Mykinos was third stop - beautiful town full of shops and cafes, narrow streets and mad motorbike riders and tiny van drivers intent of making their way through the hordes of tourists scoring as many hits as possible.
Fourth stop - Katakolon where I hired a car (do it before you go to get the best on-line rate - an Avis Punto cost me Â£35 for the day plus petrol. The drive to Olympia took around 25 minutes, and if you stop at a set of traffic lights, you swiftly get approached by what looked like groups of Romanian gypsies wanting your spare change or whatever you wished to part with. Apart from this, the trip to Olympia is really worth it. It costs 6 Euros to get in or 9 if you include the museum. Very quiet place and much larger than I anticipated.
Entertainment was hit and miss. They had excellent pianists, a jazz guitarist, and one night, a fabulous dixieland jazz band. I went to the first theatre show which was billed as a contest to decide the best singer. It turned out to be a "competion" between four singers on the entertainments staff? I left the theatre alone after this until the last night, whe we attended a show called "Elements". This turned out to be dancers and an illusionist performing illusions revealed years ago on the masked magician show. It wasn't my cup of tea, and several passengers left before it finished.
We like karaoke, and it was on several times in the top deck bar. Unfortunately, NCL have a pretty dismal choice of tracks, with lyrics not bearing much resemblance to the originals, and the backing track sounding like someone playing it on a Bontempi organ. I left a comment card suggesting that the system needed to be updated if they want to attract singers - on one night only one singer got up.

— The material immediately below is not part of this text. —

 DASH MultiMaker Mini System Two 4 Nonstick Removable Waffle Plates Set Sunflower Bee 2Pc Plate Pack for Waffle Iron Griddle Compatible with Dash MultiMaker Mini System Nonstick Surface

Deck entertainment by the pools (acres of exposed flesh in various hues of reds and browns)seemed to go down well, and the entertainments staff worked their socks off. If anything, the etertainment lacked something, maybe a couple of tribute acts/bands, guest speakers or comedians?
Overall, we preferred P & O, because the food was better, the entertainment was better and we didn't feel like we were being targeted to take as much off us as possible. Of course, this is subjective, and we met NCL cruisers who loved it. Unfortunately, it's not for us.